Além de ser um filme de animação excelente, trata, através da Arara-Azul Blu, um problema ecológico histórico no Brasil, o tráfico de animais.
Publiquei artigo no Caderno de Cultura da Zero Hora, de 16/04/2011, p. 6, comentando esse aspecto do filme.
Só a educação dá asas
Rio, idealizado e dirigido pelo
brasileiro Carlos Saldanha, é mais do que um excelente longa de animação com
diversão garantida para todos os públicos. Além de mostrar a exuberância da
Cidade Maravilhosa em imagens de tirar o fôlego, trata de um problema ambiental
histórico do país, o tráfico de animais, uma das razões porque muitas espécies
correm risco de extinção.
A
trama de Rio foi inspirada em um caso
real, noticiado pelo Jornal da Globo, em 2002. Um espécime de arara-azul foi
trazido de Tenerife, nas Ilhas Canárias, para uma reprodução em cativeiro no
Brasil.
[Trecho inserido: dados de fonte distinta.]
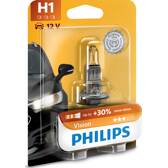 Gloeilamp H1 Vision PHILIPS - 12258PRB1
No filme, o personagem principal, Blu, por causa do tráfico, vai parar
em Minnesota, no norte dos Estados Unidos, onde por acidente é encontrado por
Linda, menina que o protege e trata como se fosse humano. Depois de 15 anos de
uma relação de intensa amizade, Blu descobre que é a última arara-azul macho do
planeta e vem com a dona para o Brasil conhecer Jade, a última fêmea, na
tentativa de salvar a espécie da extinção com uma reprodução em cativeiro. O
problema é que integrantes do tráfico, sabendo do encontro entre as aves, resolvem
capturá-las para vender no mercado negro.
A
beleza das aves brasileiras, com suas magníficas cores e plumagens, retratadas
no filme com perfeição, foi objeto de desejo no final do século XIX, início do
XX para a fabricação de acessórios femininos, como chapéus de plumas e penas,
considerados sinônimo de elegância na Europa e em vários países da América.
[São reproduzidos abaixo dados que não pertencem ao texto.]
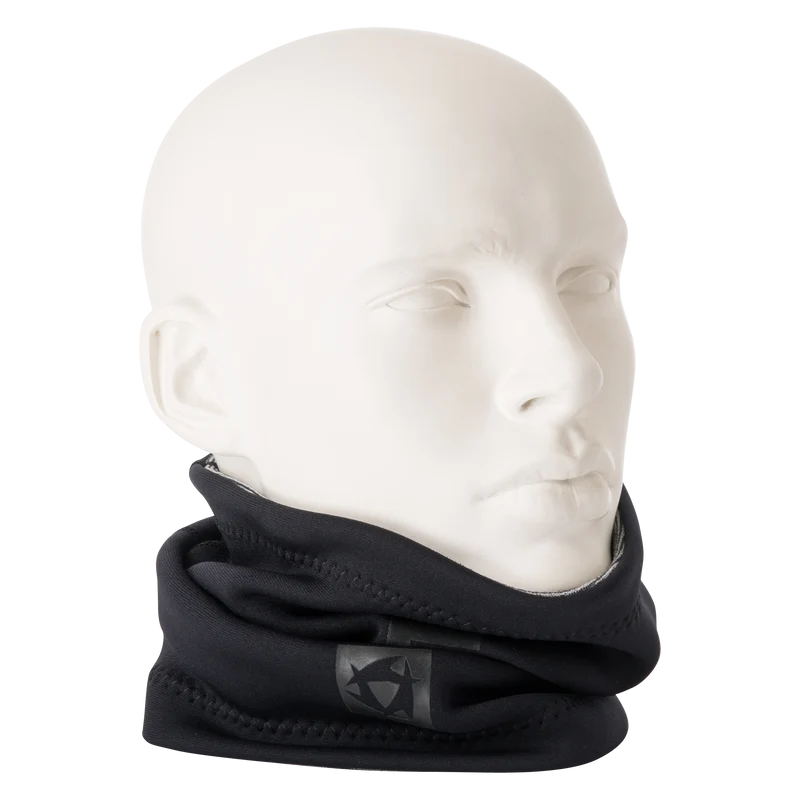 MSTC Turtleneck 2mm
Naquela época, as exportações de penas eram legais e somavam toneladas, no
entanto, representavam uma pequena fração dos números reais. Estima-se que, em
regiões remotas do país, onde não havia fiscalização, o volume contrabandeado
superava muito o divulgado oficialmente.
As
espécies mais cobiçadas eram, além de araras (por suas variadas cores), emas,
garças, papagaios, periquitos, tucanos, beija-flores, e saracuras. Para se ter
uma ideia da extensão da matança, é preciso considerar que, como cada ave contribuía
com algumas gramas de penas, para se obter quilos ou toneladas, uma quantidade
imensa de pássaros morria.
Esse
verdadeiro massacre foi denunciado por cientistas atuantes na época, como
Emílio Goeldi, Herman Von Ihering e Edgar Roquette-Pinto. Hoje, felizmente, a
legislação (Lei 9.605/98) estabelece que o comércio e transporte de animais
silvestres são crimes ambientais, mas isso não garante sua preservação. Além
desse comércio nefasto, as aves são perseguidas também para servirem como
animais de estimação – o que ocorre por acaso, no filme. As araras-azuis fazem parte da família psittacidae, a mesma dos papagaios, e são objeto de desejo por sua
inteligência, docilidade, beleza, e capacidade de imitar a voz humana. Essa
moda de animais de estimação leva às mesmas consequências do tráfico, a ameaça
de extinção.
As
araras-azuis podem viver até 100 anos e não se reproduzem facilmente. São
monogâmicas, fiéis ao parceiro a vida toda, escolhem árvores antigas para
construir o ninho, onde colocam 1 ou 2 ovos por ano. Enfrentam inúmeras
adversidades e predadores naturais durante todo esse processo, que são
agravadas pela ação humana. Além do comércio ilegal, o desmatamento para a
agropecuária reduz, ano a ano, seu habitat.
No
entanto, no mesmo Brasil que explora, há um alento de proteção, o Projeto Arara
Azul que, desde 1990, é um sucesso, no Pantanal, em Mato Grosso do Sul. Inicialmente
ação solitária da bióloga Neiva Guedes, hoje apoiada por empresas e ONGs, foi
capaz de elevar a população de 1500 para cerca de 5000 aves. Exemplos como esse
representam uma vitória, já que nos anos 1980 a perspectiva era de extinção, porém
a ameaça ainda existe. O caso das araras-azuis é representativo da necessidade
de um desenvolvimento realmente sustentável, que seja aliado da conservação das
espécies.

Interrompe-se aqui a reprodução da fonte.